Ok I think I will change to sand. Thanks for the info.

Roger


----------



## iplaywithemotions (Dec 18, 2008)

You can get a 50lb of playsand (which is more than enough for a 55 gallon) at Home Depot, for just a few bucks. It just needs to be washed thoroughly before being placed into your fish tank. You can also go with pool filter sand, which is also fairly cheap, and is lighter in comparison to the grayish/brownish look of playsand.


----------



## cjacob316 (Dec 4, 2008)

pfs is better, a little coarser so it doesn't kick up as bad and mess up your filters, $5 for 50lbs


----------



## nauTik (Mar 18, 2009)

I love the rocks, what kind are they? Did you make those holes/caves in them yourself?

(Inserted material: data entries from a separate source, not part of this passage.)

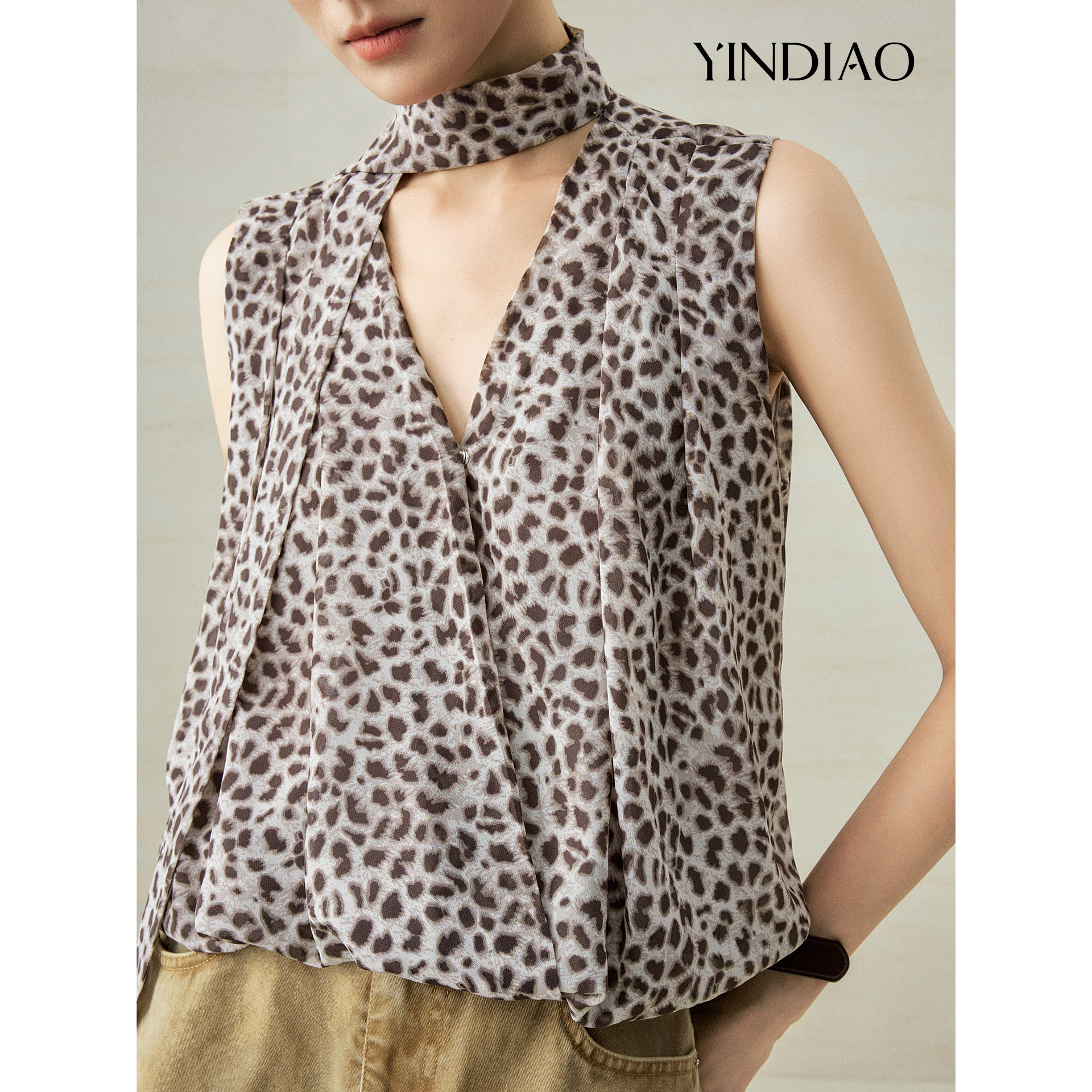 YINDIAO引调松弛感豹纹飘逸小衫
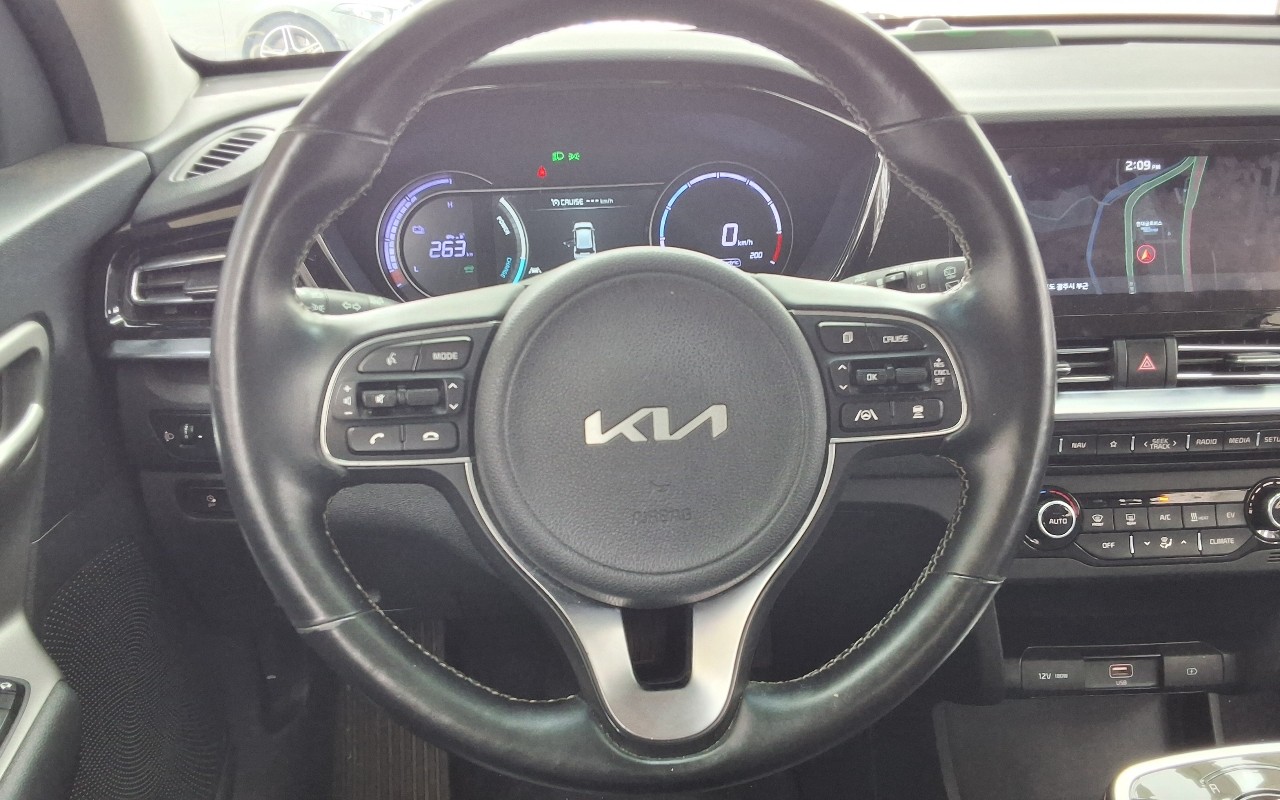 2023 - kia niro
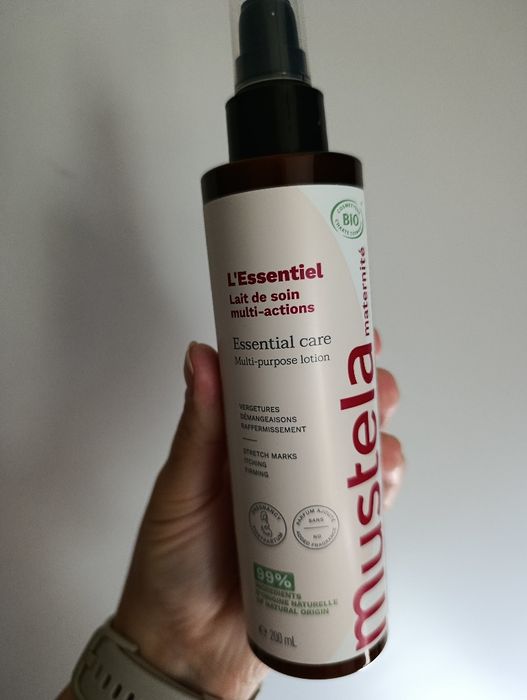 Mustela maternite L'Essentiel wielofunkcyjne mleczko  rozstępy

and I'm definitely going to second the PFS. I have playsand in my 55g mbuna tank, and I switched to PFS for my new 75g and I love it. Looks more natural to me, and like cjacob said, it doesnt kick up nearly as much which is great for my filters :] oh and its much easier to wash as well :thumb:


----------



## K5MOW (Apr 19, 2010)

The rocks are called Cichlid stones. You can get the at

http://www.aquariumfish.net/_affiliates ... leries.htm

http://underwatergalleries.com/Home_Page.html

Roger



nauTik said:


> I love the rocks, what kind are they? Did you make those holes/caves in them yourself?
> 
> and I'm definitely going to second the PFS. I have playsand in my 55g mbuna tank, and I switched to PFS for my new 75g and I love it. Looks more natural to me, and like cjacob said, it doesnt kick up nearly as much which is great for my filters :] oh and its much easier to wash as well :thumb:


----------



## K5MOW (Apr 19, 2010)

Ok I just got the background in. My wife wanted blue insted of black. I think it looks good. Sand is next.

Roger


----------



## iplaywithemotions (Dec 18, 2008)

Looks great! What a huge improvement. :thumb:


----------



## nauTik (Mar 18, 2009)

K5MOW said:


> The rocks are called Cichlid stones. You can get the at
> 
> http://www.aquariumfish.net/_affiliates ... leries.htm
> 
> ...


ah I see thank you :thumb:


----------



## Joekahuna (Oct 9, 2007)

looks very nice!... I recently changed from gravel to pool filter sand an I'm so glad I did. It looks so much better, the tank looks brighter because of the white color of the sand. The cichlids absolutely love it and I dont have trouble cleaning at all


----------



## joeshmoe (Nov 29, 2007)

looks great :thumb:


----------